Hcl Devops Deploy Hcl Launch
Monthly
Sensitive configuration data and credentials are exposed in API responses within HCL DevOps Deploy / HCL Launch, affecting all maintained version branches from 7.3 through 8.2.1.0. Any authenticated user with low-privilege access can retrieve secrets through standard API interactions, creating a stepping-stone for lateral movement or privilege escalation across connected deployment targets. No public exploit code has been identified at time of analysis, and the vulnerability is not listed in CISA KEV, but real-world risk is elevated because CI/CD platforms routinely store high-value credentials for downstream infrastructure.
Sensitive information disclosure in HCL DevOps Deploy / HCL Launch exposes credentials or operational data stored in application log files to any local user who can read those files. Affected across four major release branches (7.3, 8.0, 8.1, and 8.2), the vulnerability stems from CWE-532, where the application writes sensitive material into logs without adequate sanitization or access restriction. No public exploit code has been identified at time of analysis, and the flaw is not listed in the CISA KEV catalog, but the high confidentiality impact (C:H) and zero-privilege local access condition elevate real-world concern in multi-tenant or shared-host deployments.
HCL DevOps Deploy and HCL Launch expose sensitive information in pipeline step output logs, enabling any low-privileged authenticated user with log access to read plaintext sensitive values - such as credentials, API tokens, or configuration secrets - that should be masked or redacted. All versions are potentially affected per the CPE wildcard, and the network-accessible nature (AV:N/PR:L) makes this a meaningful insider threat and lateral movement risk in enterprise CI/CD environments. No public exploit code has been identified and this CVE is not listed in the CISA KEV catalog at time of analysis.
Sensitive configuration data and credentials are exposed in API responses within HCL DevOps Deploy / HCL Launch, affecting all maintained version branches from 7.3 through 8.2.1.0. Any authenticated user with low-privilege access can retrieve secrets through standard API interactions, creating a stepping-stone for lateral movement or privilege escalation across connected deployment targets. No public exploit code has been identified at time of analysis, and the vulnerability is not listed in CISA KEV, but real-world risk is elevated because CI/CD platforms routinely store high-value credentials for downstream infrastructure.
Sensitive information disclosure in HCL DevOps Deploy / HCL Launch exposes credentials or operational data stored in application log files to any local user who can read those files. Affected across four major release branches (7.3, 8.0, 8.1, and 8.2), the vulnerability stems from CWE-532, where the application writes sensitive material into logs without adequate sanitization or access restriction.

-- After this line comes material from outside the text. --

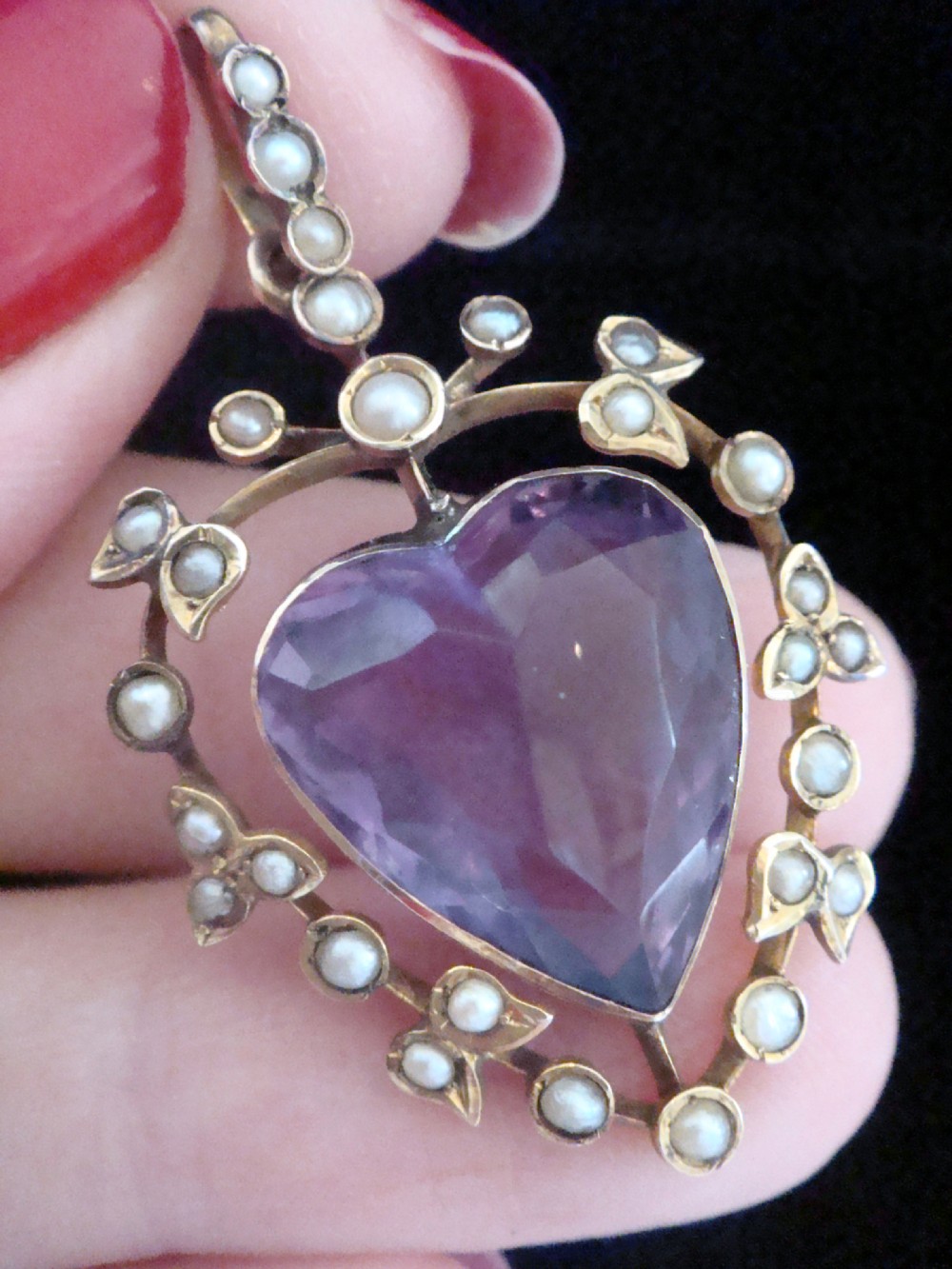An Edwardian yellow gold heart-shaped pendant featuring a central faceted heart amethyst bordered by small seed pearls. View II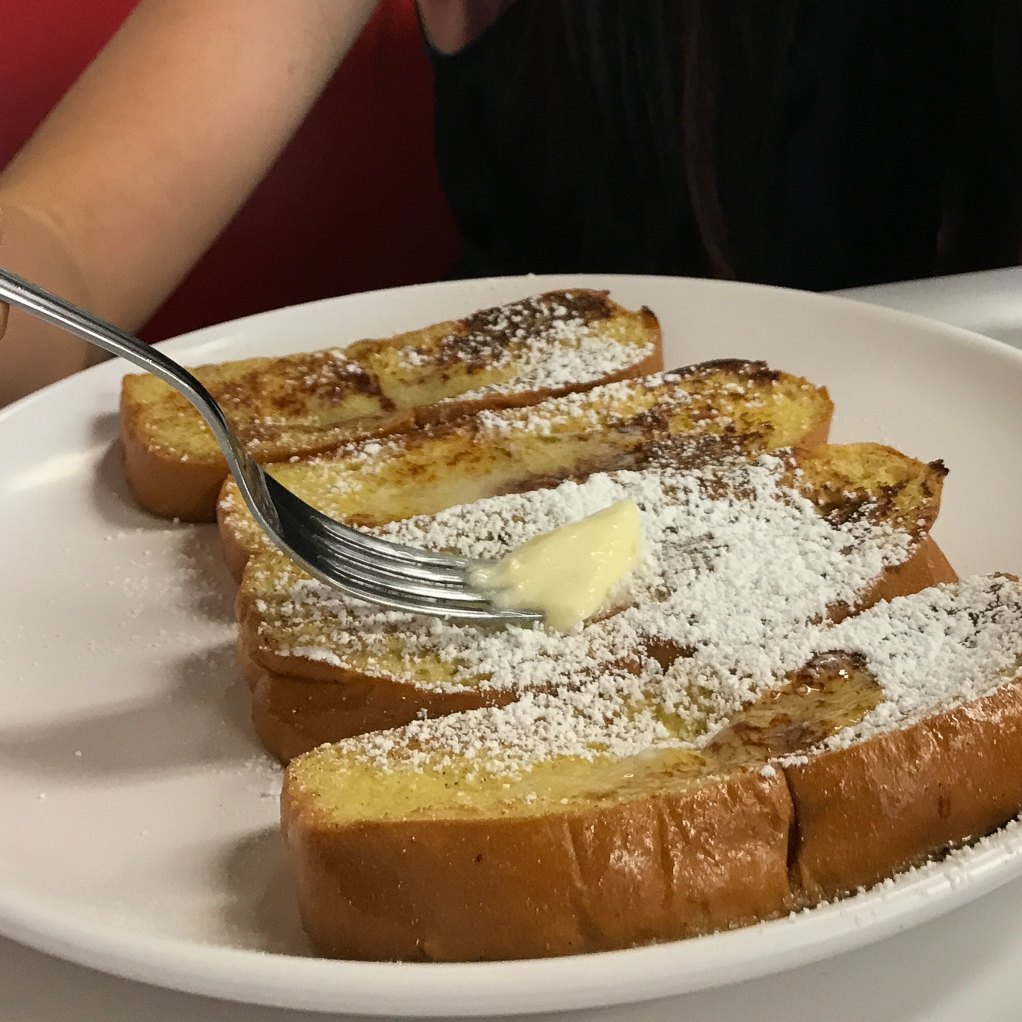 A breakfast sandwich on toast.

No public exploit code has been identified at time of analysis, and the flaw is not listed in the CISA KEV catalog, but the high confidentiality impact (C:H) and zero-privilege local access condition elevate real-world concern in multi-tenant or shared-host deployments.
HCL DevOps Deploy and HCL Launch expose sensitive information in pipeline step output logs, enabling any low-privileged authenticated user with log access to read plaintext sensitive values - such as credentials, API tokens, or configuration secrets - that should be masked or redacted. All versions are potentially affected per the CPE wildcard, and the network-accessible nature (AV:N/PR:L) makes this a meaningful insider threat and lateral movement risk in enterprise CI/CD environments. No public exploit code has been identified and this CVE is not listed in the CISA KEV catalog at time of analysis.